A French media executive is the latest to come under fire in France over spending of public money after it was reported that she had spent up €40,000 on taxi fares over the last 10 months which included approximately €7,000 for her son. All funds of course come from tax payers.
French media executives seem to continue to give themselves a bad name over frivolous spending of tax payer’s money.
The first incident involved the head of French public radio for a €100,000 office makeover, and now the mammoth €40,000 spent on taxis rids by Agnès Saal, the head of France’s National Audiovisual Institute.
The report was sent to the Institute’s directors in an anonymous letter just in time for the organization’s annual board meeting. The total of €40,915 which includes a nearly €7,000 subscription to a private cab firm as well as €32,000 in travel.

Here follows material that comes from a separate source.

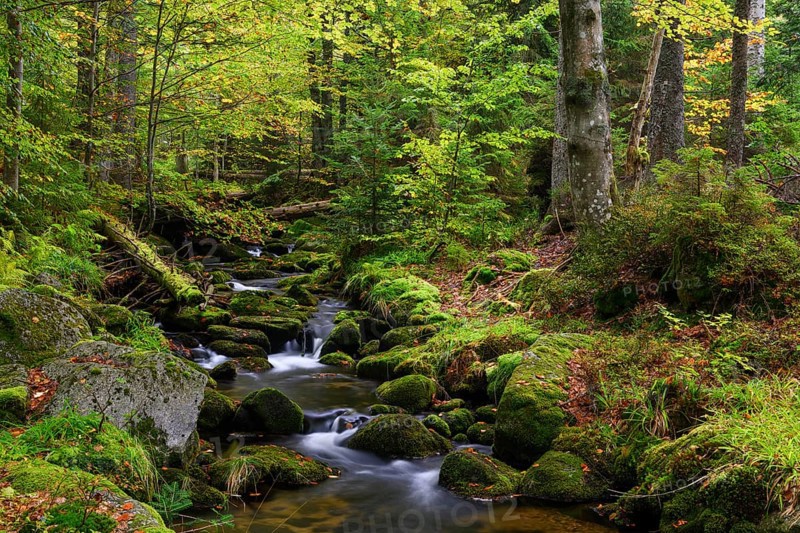 Stream in autumn, Kleine Ohe, Bavarian Forest National Park, Bavaria, Germany, Europe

Saal defended her and offered to pay back part of the bill. She further stated that as CEO of INA she has access to a company car however she does not have a driver’s license and relies on taxi service for the extended hours she works as well as on weekends.
When it was discovered her son had used her work dedicated account and spent up €6,700 of taxi receipts, Saal then admitted wrongdoing.
Comparisons have been drawn between Saal’s excessive taxi expense and the €100,000 spent by Mathieu Gallet on his office revamp.
The report has angered staff as it came out during a prolonged strike over job cuts. More reports of extravagant over spending have surfaced which will further cause a potential uprising.